I'm not really sure where to start or where this will end up, since I read the book
a week or so ago about three weeks ago now and don't have it in front of me, so I'm working off some rudimentary notes I made as I was reading.
First, show of hands, anybody read Pollan's first book, The Omnivore's Delemma? It was good. I don't accept as gospel everything he says (hardly!), but his first book opened my eyes to several things, not the least of which is how ubiquitous corn has become in our food supply, We eat it as a vegetable and as ground cornmeal, of course, but it's also force-fed to most of the animals destined for our tables (animals which are by and large are not naturally grain-eaters) and then, of course, corn syrup is in almost every processed food you eat.

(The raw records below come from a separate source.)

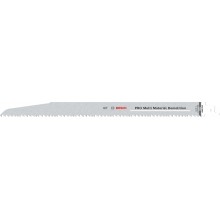 BOSCH Pilový plátek do pily ocasky S 1210 VF Heavy for Wood and Metal 2608657612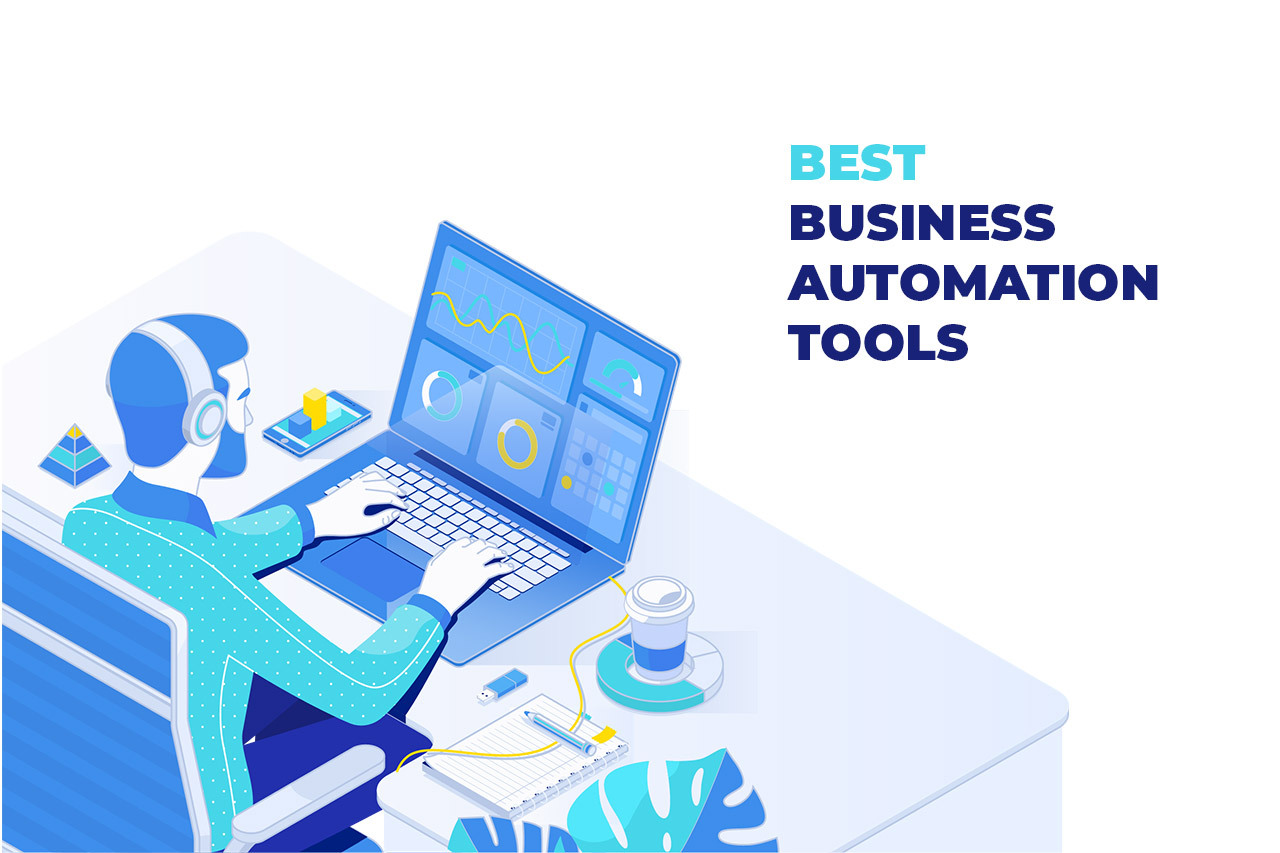 The 8 top business automation tools in 2023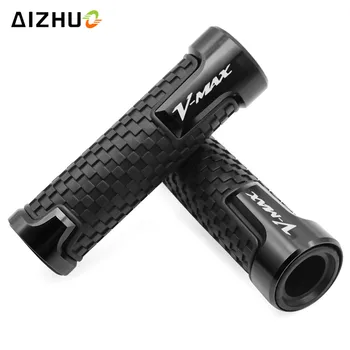 

Motorcycle Bicycle Accessories Handle Grips Handle Bar For Yamaha V-MAX VMAX 2009-2016 2015 2014 2013 2012 2011 2010
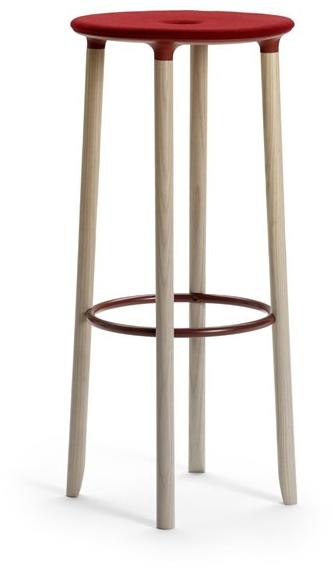 Offecct Барный стул с подставкой для ног sun-id-1406565 - Вид №2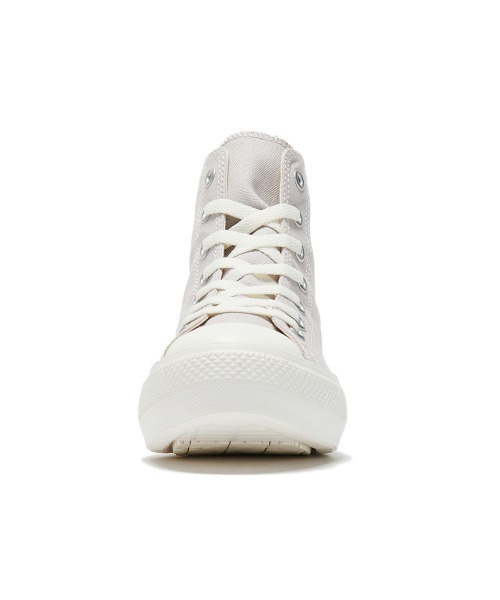 CONVERSE（コンバース）の「CONVERSE ALL STAR LIGHT PLTS PT HI / CHIIKAWA（コンバース オールスター ライト PLTS PT HI / ちいかわ）（スニーカー・レディース・ブラック系/ベージュ系/グレー系・22.5cm/23cm/23.5cm/24cm/24.5cm/25cm）」の14枚目の写真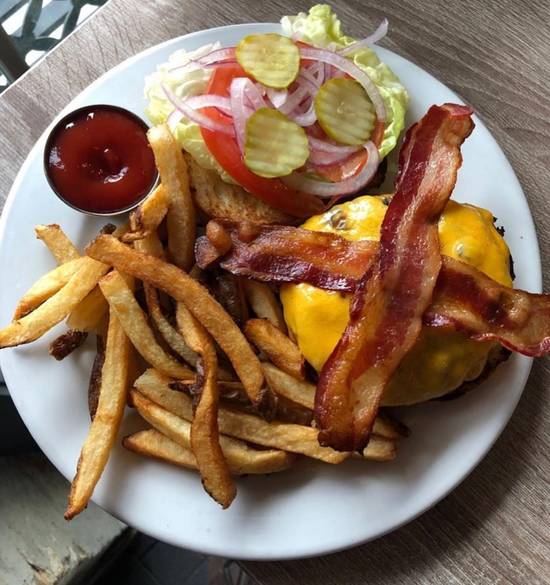 The Burger.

In Defense of Food revolves around Pollan's simple answer for the question, "What should I eat?": Eat food. Not too much. Mostly plants.
He urges us to ignore all the "nutrition advice" and just eat good food. Ignore the latest government studies telling us to eat more of this food or that vitamin -- He makes convincing arguments that most of these studies and edicts are driven more by special interests and lobbiests than genuine concern for our nation's health (a big surprise, I know). Ignore health claims on boxes of breakfast cereal -- "It's easier to slap a health claim on a box of sugary cereal than on a raw potato or a carrot." Ignore fad diets. Just eat food. Real food.
For most of human history, humans have navigated the question [of what to eat] without expert advice. To guide us instead we had Culture, which, at least when it comes to food, is really just a fancy word for your mother.
Eat food. Pollan asserts, quite rightly, I believe, that most of what is available to us to eat is not actually food. Take bread: you can make bread at home with three or four ingredients: flour, yeast, and water -- even salt and fat (butter, say, or oil) is optional. A loaf of store-bought bread will have an ingredient list a mile long, most of them unrecognizable and unpronounceable. Considering that the main ingredient, flour, will almost certainly be processed to death and rendered almost nutrition-less -- what makes that loaf the equivalent of one made with three or four pure ingredients?
I should note here that I still love Wonder Bread, though. It's a treat because all I got growing up was homemade ... how boring! I think Wonder Break makes fabulous toast. You can throw things at me now.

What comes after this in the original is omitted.